Task item>
In the entries below, find the line with "Load image into" and the line with "Mansfield for Harrods Navy Blue Coat"; give again those lines and every line between them, exactly.

Stored data>
+ + + +

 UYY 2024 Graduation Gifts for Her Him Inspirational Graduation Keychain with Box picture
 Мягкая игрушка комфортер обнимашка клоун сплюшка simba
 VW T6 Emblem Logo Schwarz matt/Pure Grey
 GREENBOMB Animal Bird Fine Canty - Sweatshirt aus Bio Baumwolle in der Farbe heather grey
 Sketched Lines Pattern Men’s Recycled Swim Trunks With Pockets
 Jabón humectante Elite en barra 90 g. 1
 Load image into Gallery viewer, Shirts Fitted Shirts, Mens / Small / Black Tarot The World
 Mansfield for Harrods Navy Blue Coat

+ + + +

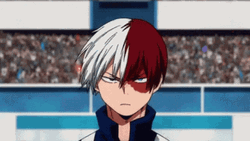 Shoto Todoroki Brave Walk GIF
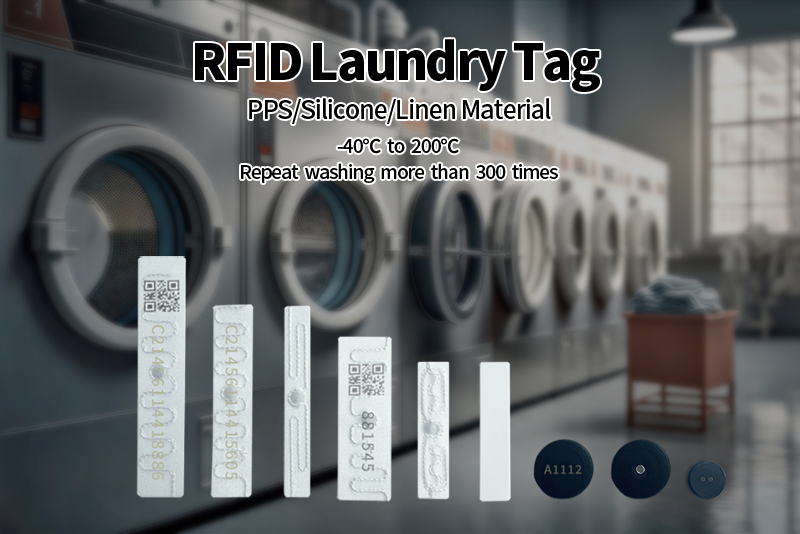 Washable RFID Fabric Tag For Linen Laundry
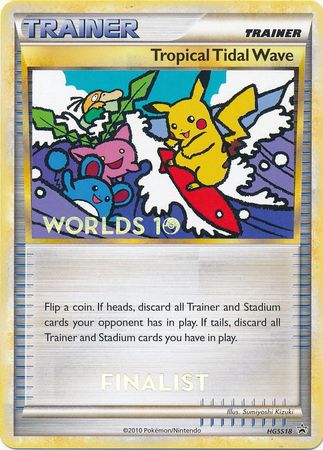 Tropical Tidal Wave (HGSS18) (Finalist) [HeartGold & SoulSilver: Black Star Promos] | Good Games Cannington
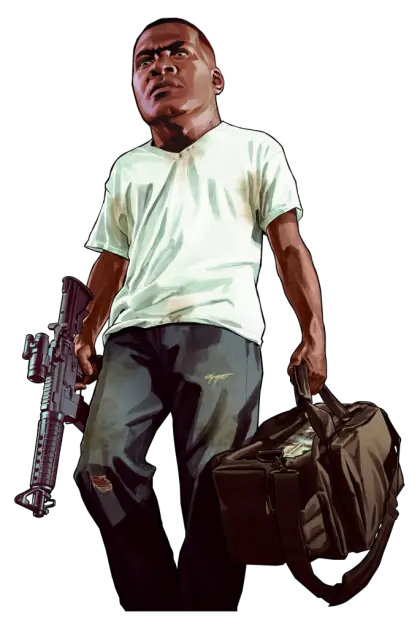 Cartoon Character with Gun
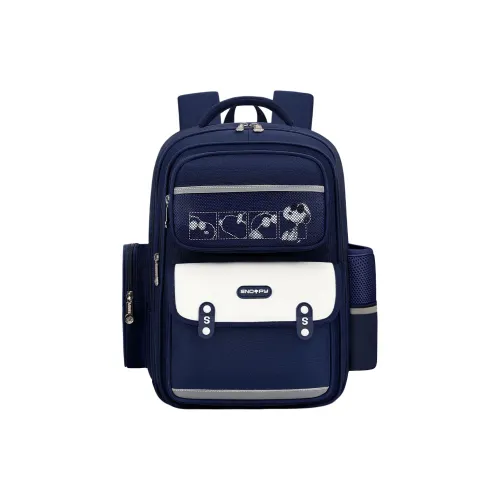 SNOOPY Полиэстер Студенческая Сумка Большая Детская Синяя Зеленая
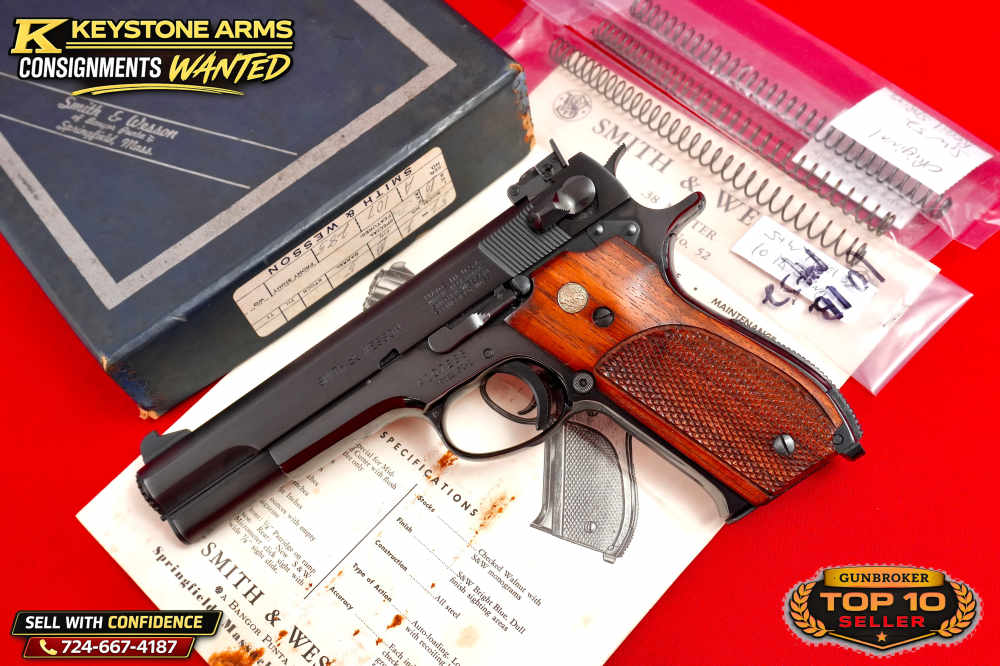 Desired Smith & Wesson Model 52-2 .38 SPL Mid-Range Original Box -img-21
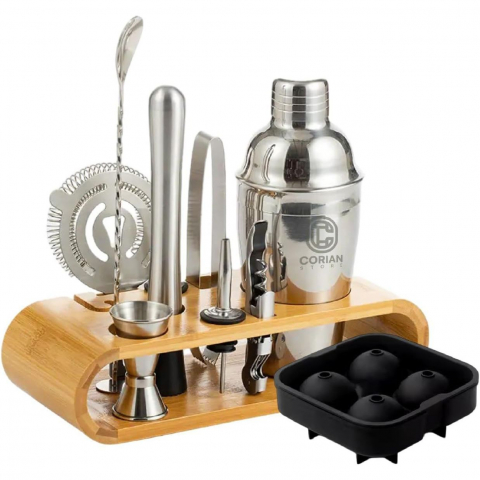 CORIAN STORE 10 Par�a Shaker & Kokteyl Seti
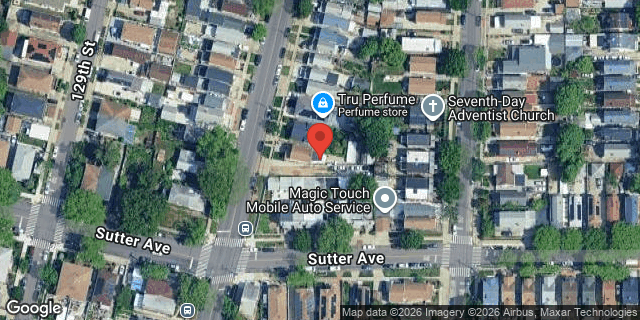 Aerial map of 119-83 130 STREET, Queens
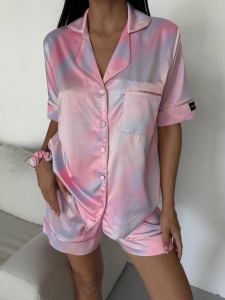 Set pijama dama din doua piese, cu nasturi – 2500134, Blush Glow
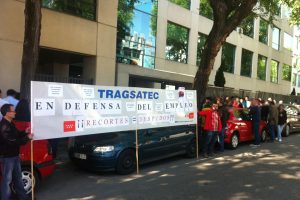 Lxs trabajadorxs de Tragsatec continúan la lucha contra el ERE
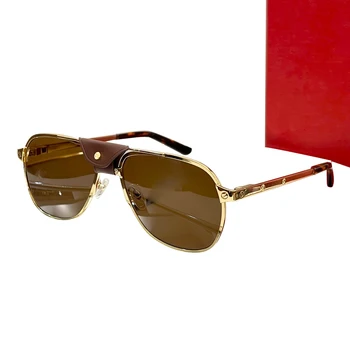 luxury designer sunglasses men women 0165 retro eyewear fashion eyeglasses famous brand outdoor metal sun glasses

+ + + +

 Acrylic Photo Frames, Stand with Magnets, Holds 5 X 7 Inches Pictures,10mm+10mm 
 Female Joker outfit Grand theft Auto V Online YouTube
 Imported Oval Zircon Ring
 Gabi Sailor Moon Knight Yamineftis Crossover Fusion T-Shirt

+ + + +

Expected answer>
 Load image into Gallery viewer, Shirts Fitted Shirts, Mens / Small / Black Tarot The World
 Mansfield for Harrods Navy Blue Coat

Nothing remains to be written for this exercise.